As I’ve mentioned before, I’ve been training for the Country Music 1/2 Marathon with a group of about 500 runners and walkers since early January. On the first day of training, we all met up at Fleet Feet Sports in Brentwood at 7:00 on a Saturday morning – nearly 500 of us crammed into that small space in our running tights and pullovers, still groggy from the adjustment to our new pre-dawn wake-up time.
Our designated pace leaders held up neon poster-board signs with training pace times scrawled across them in black Sharpie marker, making it easier for us to spot and join a group that ran at our pace.

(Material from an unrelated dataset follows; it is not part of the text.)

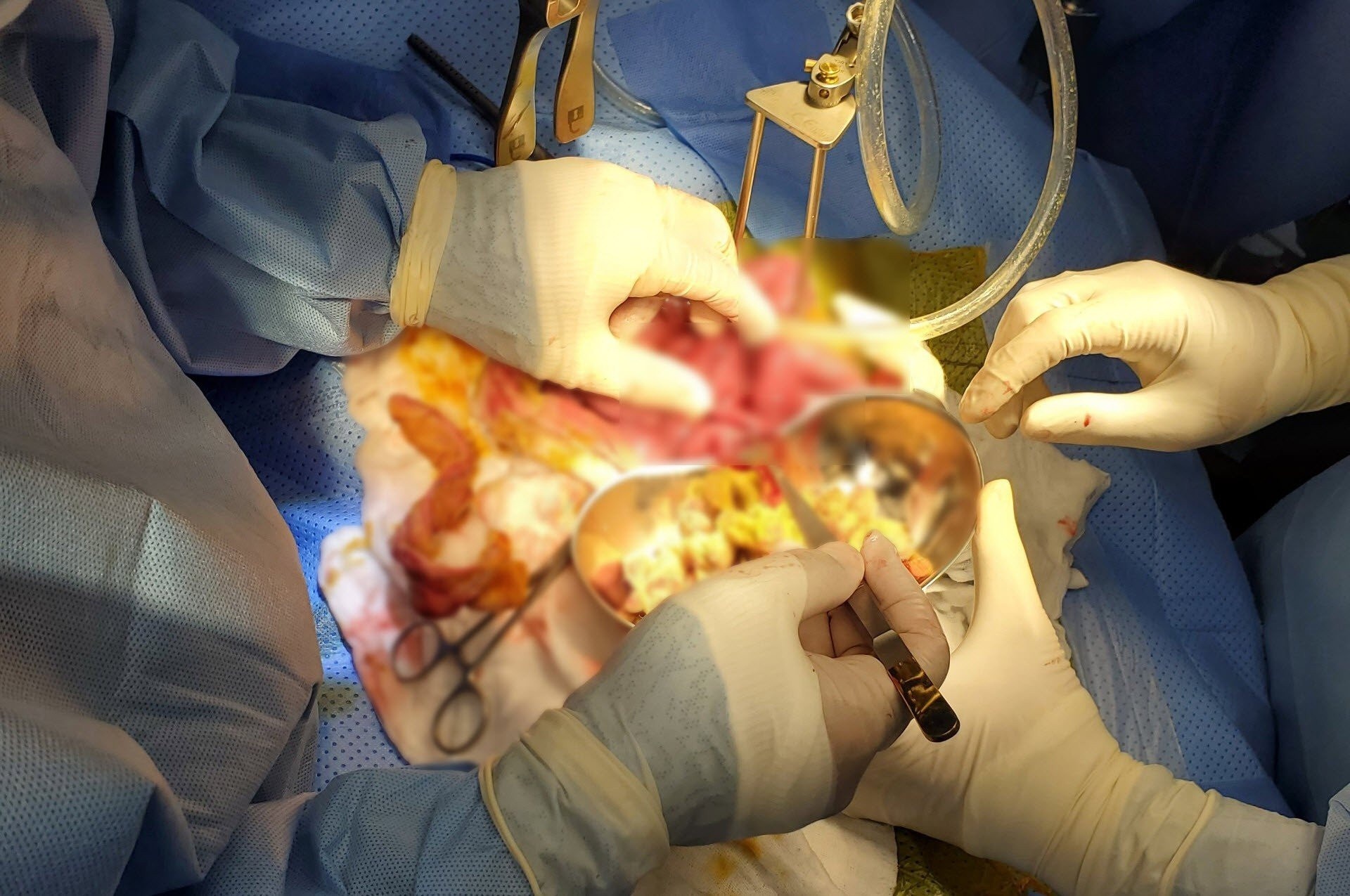 BVDK Tam Anh,  nuot bong gon anh 1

The groups ranged from 7-minute mile runners, to various run-walk-run interval groups, to race-walkers.
Naturally, I scanned the room to find the slowest pace group for runners. I had been running consistently for a few months building up to a 5k, but I was not (and probably never will be) a thin-limbed gazelle.
So on that first day, anxious and excited about this new challenge, I bounded off for our first 4-mile run in below-freezing temperatures with a group of about 20 others who were running at a 11-minute, 30-second/mile pace. It went well. I was feeling great. I couldn’t believe that in just a few months I’d be running 13.1 miles.

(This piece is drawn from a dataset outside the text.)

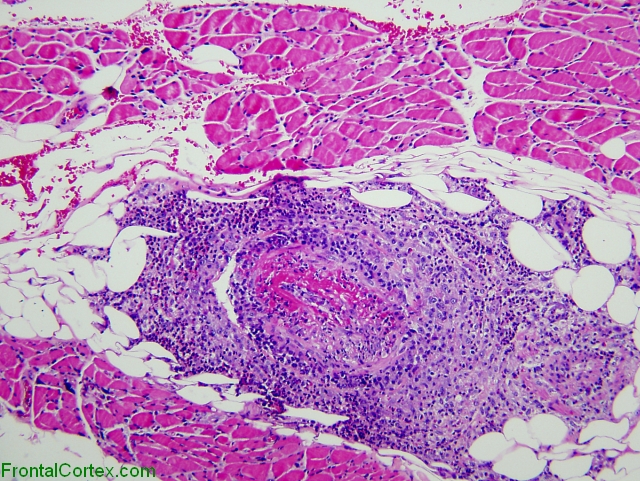 Churg strauss arteritis involving skeletal muscle, H&E stain x 100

But after only a couple of weeks, once we started adding more mileage, I realized there was no way I would be able to keep up with my 11:30 pace group – the slowest runner pace group in the program – for more than a few miles. The longer we ran, the farther I was being left behind. I was discouraged. I felt like a failure. I wanted to quit.
I had a decision to make. I could keep trudging along slowly and singularly and hope I didn’t get lost once my pace group was no longer in my sight. Or I could drop back to a run-walk-run interval group, alternating periods of running with shorter periods of recovery walks.

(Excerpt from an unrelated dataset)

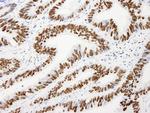 AKAP8L/HA95 Antibody in Immunohistochemistry (Paraffin) (IHC (P))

Neither of these options appealed to me. I didn’t want to run alone; I joined this training group because I wanted to train with a group. Plus, I am hugely directionally challenged, so the chances of me getting lost during a 10-mile run through suburban Brentwood were quite high. And I didn’t want to drop back to a run-walk-run interval group because that just felt like failure. After all, I had signed up for this program to run a half marathon, not walk one.
However, my fear of being left behind and getting lost outweighed my fear of failure, and about 4 weeks into the program, I reluctantly joined the 10:1 interval group. We ran for 10 minutes, averaging 11 minutes per mile, followed by a short 1-minute recovery walk, and continued repeating the cycle until we covered our total distance.
That first interval run wasn’t so bad. I was able to easily keep up with the group, and I enjoyed the camaraderie and encouragement of my fellow runners. But I couldn’t quite shake the feeling that I had somehow failed. That I wasn’t actually “running” a half marathon.
However, despite my viewing it as a setback, I stuck with my interval group. Everyone was friendly and encouraging, and our pace leader, Erin, was great. Then slowly, week by week, as we continued adding miles and I realized that my finish time was actually faster when I ran intervals than when I didn’t, my mindset began to change.
Instead of viewing my interval running as a failure, I decided to accept myself for the runner that I was, walk breaks and all.
13.1 miles is 13.1 miles. It doesn’t matter if 1 mile of that total distance is walked instead of run. That’s still an accomplishment, and I should be proud of that. I am proud of that.
We’re a little over halfway through the training program; we’ll be running 10 miles this weekend. And sometimes the feelings of failure and inadequacy creep back in. But I have to remind myself that if run-walk-run intervals are good enough for Olympic athletes, they should be good enough for me.
I am a runner. I will no longer qualify that statement with “but I sometimes take walk breaks.” No, I am a runner (period).